▶ **PROBLEM STATEMENT**: Restate each entry below exactly; pictures stay out of the copy.

▶ **DATA PROVIDED**:
Content starts

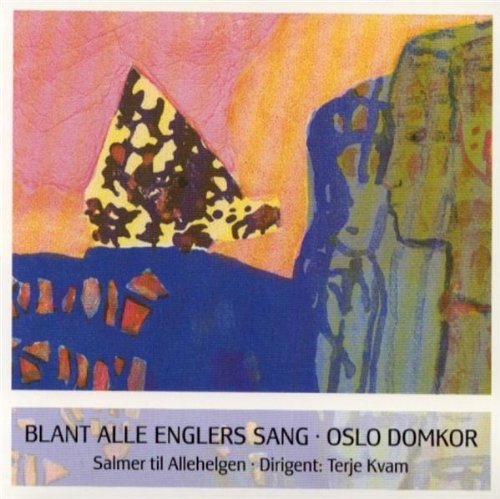 Cover for Oslo Domkor · Blant Alle Englers Sang (CD) (2011)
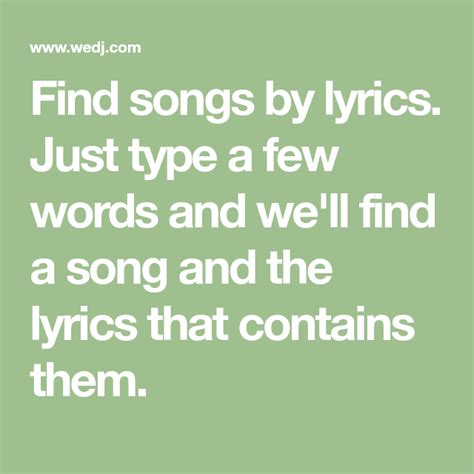 Find lyrics to songs. 1. Google and YouTube. Plus Point: Has a lot of advanced search commands if you need them. Google is the easiest way to search among millions of songs: just type a small part of lyrics into the search box. The trick here is to wrap the lyrics in quotes so that Google spots exact those words, in that particular order. 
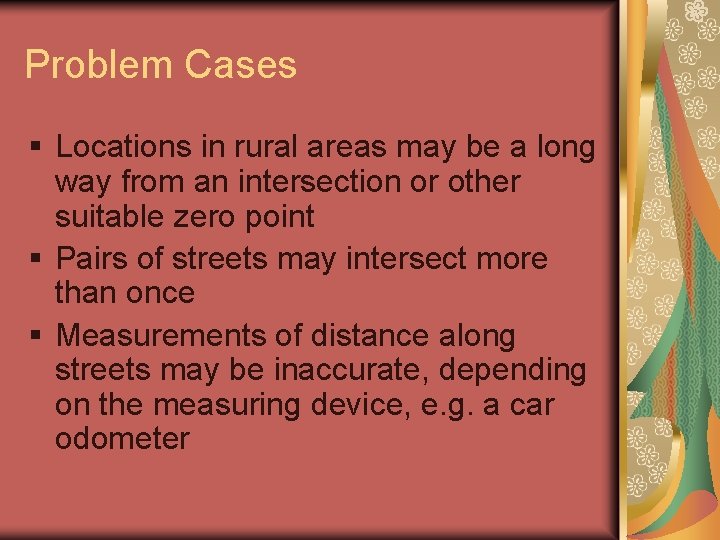 Problem Cases § Locations in rural areas may be a long way from an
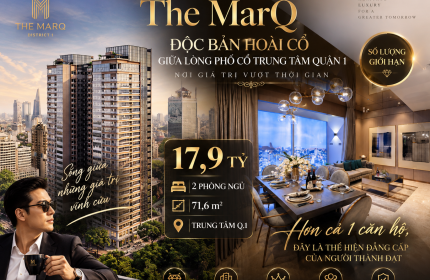  **THE MARQ – ĐỘC BẢN HOÀI CỔ GIỮA LÒNG PHỐ CỔ TRUNG TÂM QUẬN 1** 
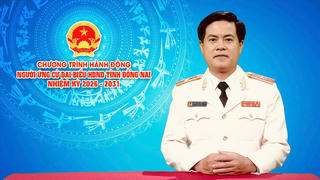 Ứng cử viên HĐND tỉnh Đồng Nai - Giám đốc Công an, Thiếu tướng Nguyễn Đức Hải: Bảo đảm hài hòa giữa phát triển kinh tế với quốc phòng - an ninh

Content ends

▶ **EXPECTED OUTPUT**:
 Cover for Oslo Domkor · Blant Alle Englers Sang (CD) (2011)
 Find lyrics to songs. 1. Google and YouTube. Plus Point: Has a lot of advanced search commands if you need them. Google is the easiest way to search among millions of songs: just type a small part of lyrics into the search box. The trick here is to wrap the lyrics in quotes so that Google spots exact those words, in that particular order. 
 Problem Cases § Locations in rural areas may be a long way from an
  **THE MARQ – ĐỘC BẢN HOÀI CỔ GIỮA LÒNG PHỐ CỔ TRUNG TÂM QUẬN 1** 
 Ứng cử viên HĐND tỉnh Đồng Nai - Giám đốc Công an, Thiếu tướng Nguyễn Đức Hải: Bảo đảm hài hòa giữa phát triển kinh tế với quốc phòng - an ninh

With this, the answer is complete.